La fotografía de hoy de la situación política vasca se semeja peligrosamente a la que podía sacarse hace exactamente un año, como si nada hubiera ocurrido en estos doce meses. Lo cierto es que han cambiado algunas cosas, pero las actitudes siguen apalancadas en esquemas anteriores, y palabras como 'consenso' y 'diálogo' son balas que se disparan con profusión en los discursos pero que apenas se conjugan en la práctica.

Lo peor es que los desencuentros partidistas están alterando gravemente el funcionamiento de las instituciones. El estado de bloqueo e incomunicación del año pasado era explicable en parte por la resaca de Lizarra. Su prolongación muestra el poder perturbador y disgregador de los espíritus que se liberaron en aquella partida.

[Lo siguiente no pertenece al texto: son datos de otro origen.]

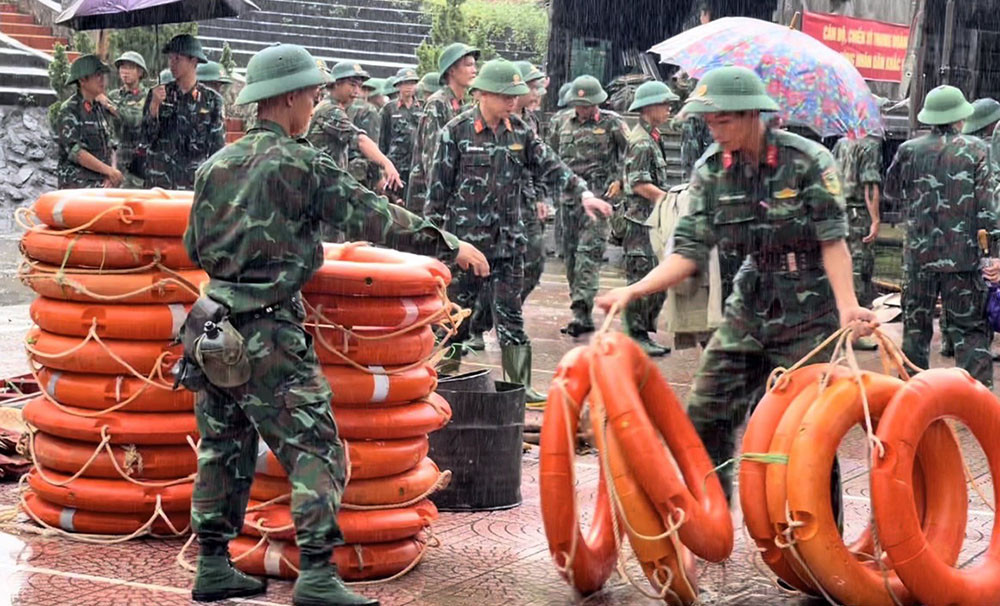 Hàng trăm chiến sĩ Sư đoàn 324 xuất quân giúp dân khắc phục lũ lụt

Si debe inquietar el tiberio del Parlamento vasco sobre la votación de las enmiendas a los presupuestos del Gobierno es porque recuerda demasiado a los que jalonaron la olvidable legislatura anterior. Y porque arruina la esperanza de que comiencen a tenderse en las instituciones relaciones ahora inexistentes en el plano personal y de partido. La violencia de ETA y la bonanza económica disfrutada hasta ahora han actuado de enmascaradores del escandaloso desbarajuste institucional instalado en la comunidad autónoma. Lo extraordinario se ha convertido en norma. Ya no sólo están en prórroga los presupuestos del Gobierno vasco, de las diputaciones de Vizcaya y Guipúzcoa, del Ayuntamiento de Bilbao, así como un puñado de cargos institucionales; hasta el Concierto Económico va a entrar en esa situación de excepcionalidad consentida.

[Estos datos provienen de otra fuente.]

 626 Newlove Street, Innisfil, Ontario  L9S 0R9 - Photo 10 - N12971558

A lo mejor hay que caer más hondo todavía para encontrar la sensatez perdida. No se puede resolver a base de ingeniería reglamentaria la falta de una mayoría suficiente para gobernar con comodidad, del mismo modo que de nada vale hacer desde la oposición ofertas de colaboración si van acompañadas de condiciones imposibles. En una sociedad irreductiblemente plural como es la vasca, y más allá del factor distorsionante de la violencia, la gobernabilidad difícilmente puede garantizarse con gobiernos definidos desde la cohesión ideológica. Los números no suelen cuadrar.

Desde que sufrió la experiencia traumática de la escisión a mediados de los ochenta, el PNV hizo de la necesidad de pactos transversales virtuosismo. La variedad de alianzas trazadas en las diferentes instituciones llegó a ser mareante (con el PSE, PP, EA, EE, ICV y UA, simultáneamente), pero todas esas fórmulas mestizas aseguraron una gobernación sin excesivos sobresaltos y que fue valorada como integradora por la mayoría de la sociedad en los tres territorios.

Recordarlo ahora quizá sea sólo un ejercicio de nostalgia.